### RECORDS TO PROCESS
• • • •
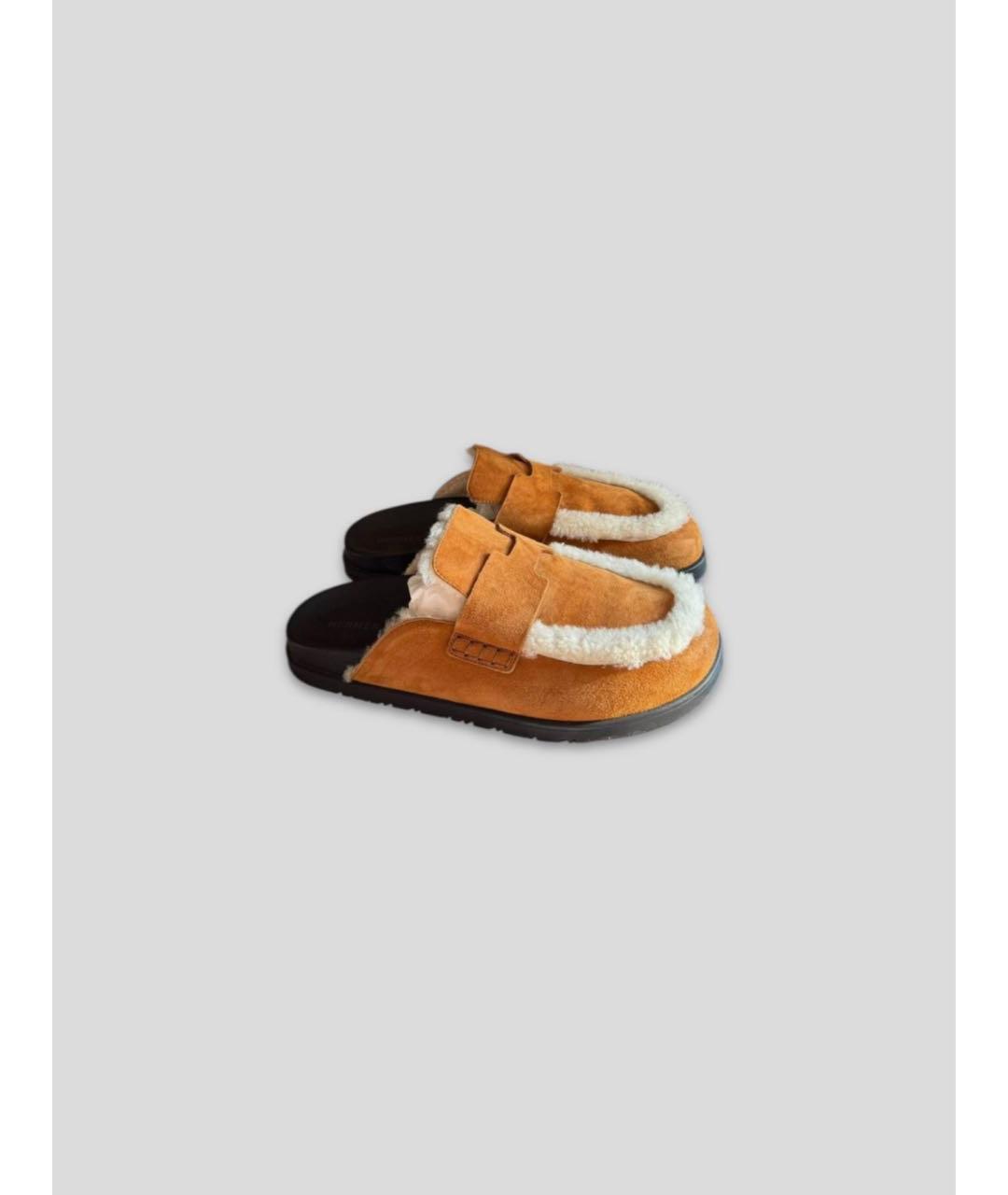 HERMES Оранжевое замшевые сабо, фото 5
• • • •
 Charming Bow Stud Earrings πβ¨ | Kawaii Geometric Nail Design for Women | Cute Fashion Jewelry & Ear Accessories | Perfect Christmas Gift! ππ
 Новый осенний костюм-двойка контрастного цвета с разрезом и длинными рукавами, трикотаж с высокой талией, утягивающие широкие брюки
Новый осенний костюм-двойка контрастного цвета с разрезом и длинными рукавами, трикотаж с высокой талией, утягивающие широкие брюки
• • • •
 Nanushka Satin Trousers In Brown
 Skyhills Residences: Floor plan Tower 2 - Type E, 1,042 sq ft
• • • •
### EXERCISE DESCRIPTION
In the records shown above, how many lines include the word "талией"? Answer with the number only.

### RESULT OF THE TASK
2